**Brief:** Once the pictures are set aside, repeat all of the data below exactly.
··· Raw data
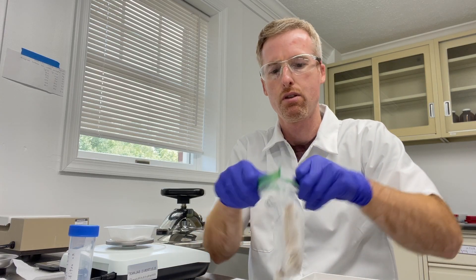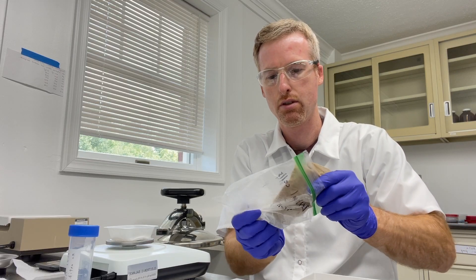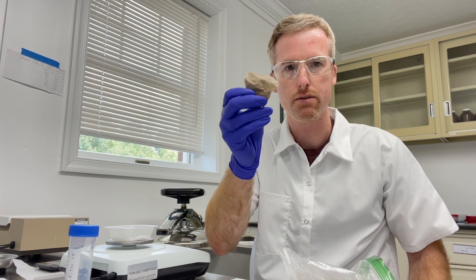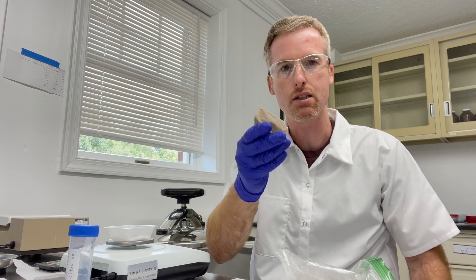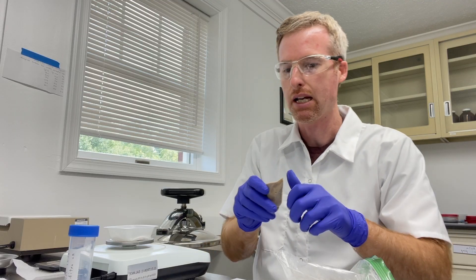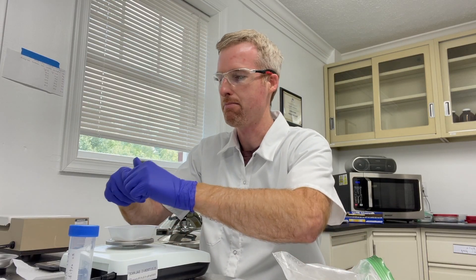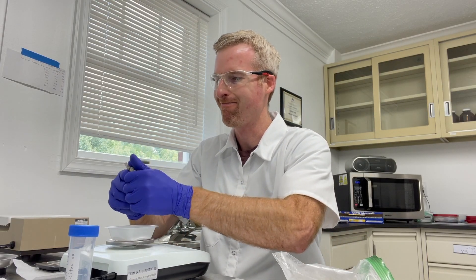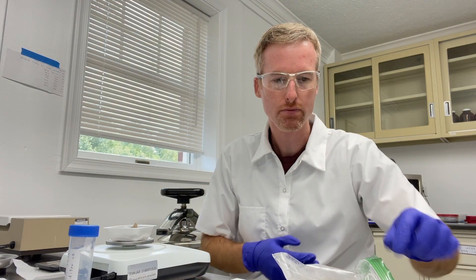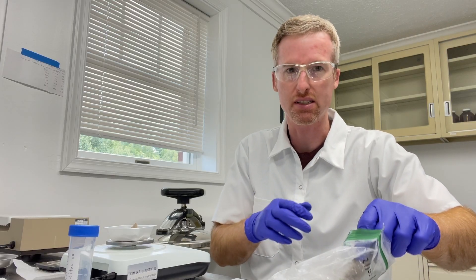All I have to do is open up the bag and take out the cracker of cells. This is just the pelleted E. coli — it's like a brown goo that I put in the bag, but now it's hard. I'm going to break off some and weigh it to see how much I have. It's really cold, that's why I'm wearing gloves — and because it's disgusting.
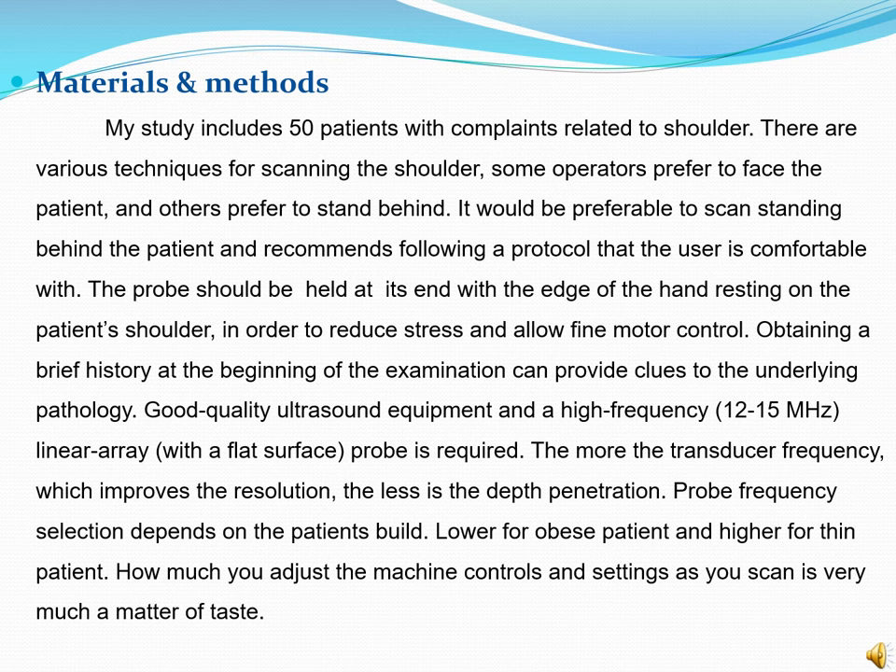The higher the transducer frequency, the better the resolution, but the less the depth penetration. Probe frequency selection depends on the patient's build — lower for obese patients and higher for thin patients. Adjusting the machine controls and settings as you scan is very much a matter of experience.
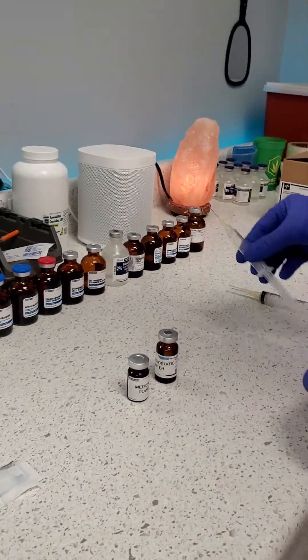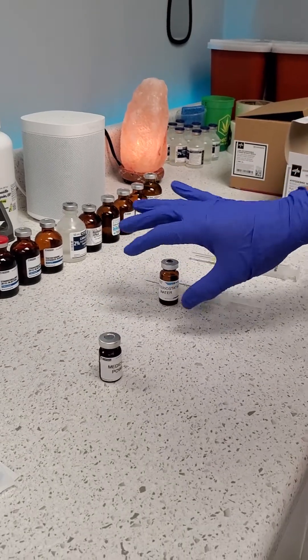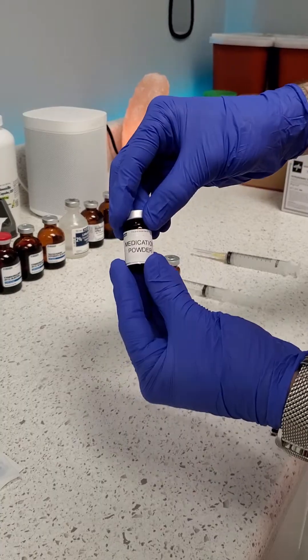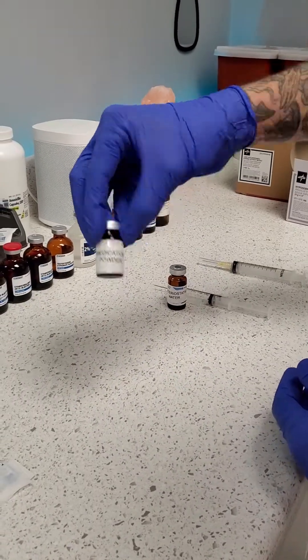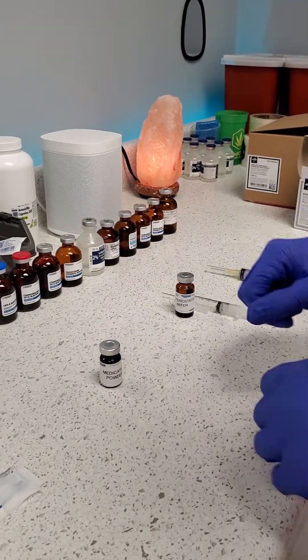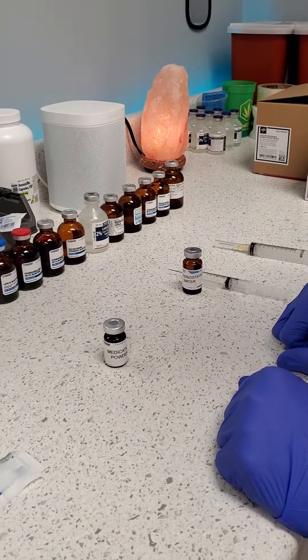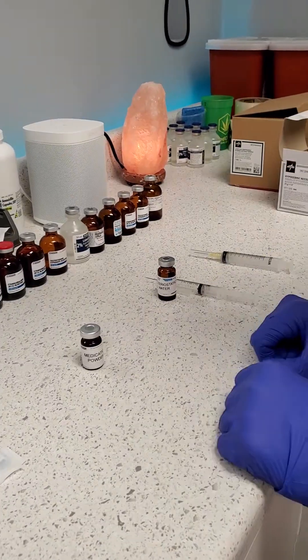Now dispose of your needle and the bacteriostatic water vial since that part is done. You now have 5 milliliters of bacteriostatic water mixed into your powdered medication. Give it a slight, very gentle mix and your medication is ready for use. Please follow the storage instructions, as some of these medications need to be refrigerated after they have been reconstituted. That's it — thank you.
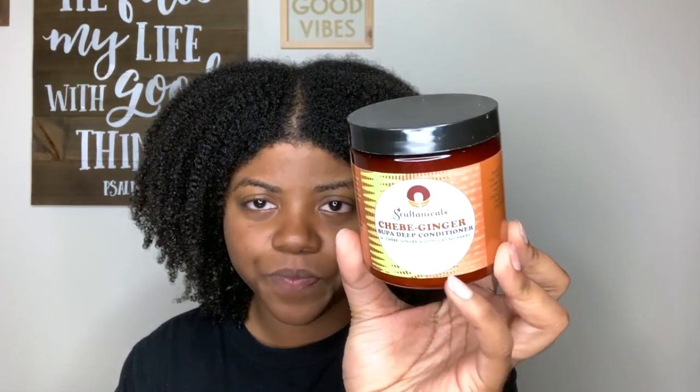On the left side I'm going to be using the Chebe Ginger Super Deep Conditioner. The ingredients include chebe powder, ginger powder, fenugreek powder, and amla powder. I don't see shea butter, coconut oil, glycerin, aloe vera juice, or direct protein listed. It says it's excellent for healthy hair growth, length retention, pH balance, and moisturizing and nourishing the hair follicle. It's pretty thick — not going anywhere. And I still don't like the hibiscus smell.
······
**Solution to this task:**
All I have to do is open up the bag and take out the cracker of cells. This is just the pelleted E. coli — it's like a brown goo that I put in the bag, but now it's hard. I'm going to break off some and weigh it to see how much I have. It's really cold, that's why I'm wearing gloves — and because it's disgusting.
The higher the transducer frequency, the better the resolution, but the less the depth penetration. Probe frequency selection depends on the patient's build — lower for obese patients and higher for thin patients. Adjusting the machine controls and settings as you scan is very much a matter of experience.
Now dispose of your needle and the bacteriostatic water vial since that part is done. You now have 5 milliliters of bacteriostatic water mixed into your powdered medication. Give it a slight, very gentle mix and your medication is ready for use. Please follow the storage instructions, as some of these medications need to be refrigerated after they have been reconstituted. That's it — thank you.
On the left side I'm going to be using the Chebe Ginger Super Deep Conditioner. The ingredients include chebe powder, ginger powder, fenugreek powder, and amla powder. I don't see shea butter, coconut oil, glycerin, aloe vera juice, or direct protein listed. It says it's excellent for healthy hair growth, length retention, pH balance, and moisturizing and nourishing the hair follicle. It's pretty thick — not going anywhere. And I still don't like the hibiscus smell.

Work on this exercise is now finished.